Wednesday 8 January 2014

No Adjustments to Torah

With regards to the Torah, two things Jesus did: 

He kept the Torah, then He also inaugurated a new way.

He taught it, then He also inaugurated a new way.

He stayed in First Period right up until the bell rang, then He opened the door for His class to Period Two.

It was the Torah at first, then after that it was to be the new way. 

But one thing Jesus never did was bring an adjusted version of the Torah.

It was the Torah (while it stood), and then it was to be the new way (once Jesus inaugurated it).

Perfect, unadjusted, literal Torah - and then a new way.

We see this in Jesus' conversation with the woman of Samaria. He insisted that Jerusalem was [at that time] the required place of worship, then He also mentioned that the time was coming and now was when the true worshipers would no longer be required to go to Jerusalem to worship but would worship the Father in spirit and in truth.

Literal insistence on Torah, and then the new way.

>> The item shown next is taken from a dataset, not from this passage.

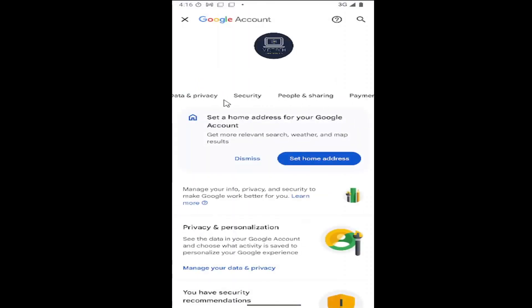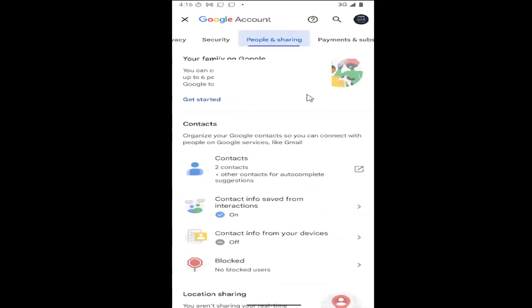Scroll over. Underneath where it says people and sharing, select the contacts button.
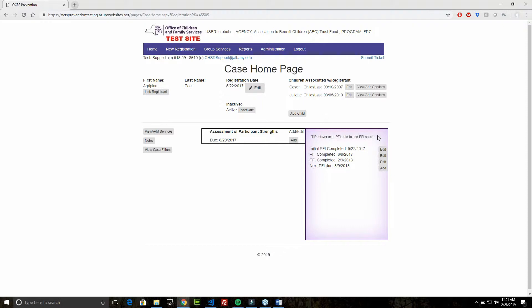The purple box to the right contains all the PFI information for the client. You can see the initial PFI completion date and all subsequent PFIs and their completion dates. We can review or edit any existing PFIs by clicking on the edit button and we can add new PFIs by clicking on the add button.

But an adjusted Torah - or a mixture of the new way and Torah-keeping - is something that was never meant to be.

Jesus never talked about a non-literal Torah or a partial Torah. Such a thing the Torah itself never foresaw either.

But what both Jesus and the Torah spoke about, was a new way which would be inaugurated after the Torah.

Therefore living according to the new way  fulfils both what Jesus said and fulfils what the Torah itself foresaw.

But attempting to keep some adjusted form of the Torah obeys neither Jesus nor the Torah.

There is no such thing as a new covenant  way of keeping the Old Covenant. There was only the Old Covenant, and now there is the New Covenant.

There was never meant to be a modified way of keeping Moses' Law. There was Moses' Law, and now there is the New Covenant. 

You can't have two covenants at the same time.

Therefore Hebrew-roots ways of keeping Moses' Law, and modern Judaism, were never envisioned by Jesus nor by the Torah. 

Only two things were envisioned by Jesus and by the Torah: perfect, literal Torah-keeping (while that was still relevant) followed by the new way (once Jesus inaugurated it).

I think you know which one of the two we are in today.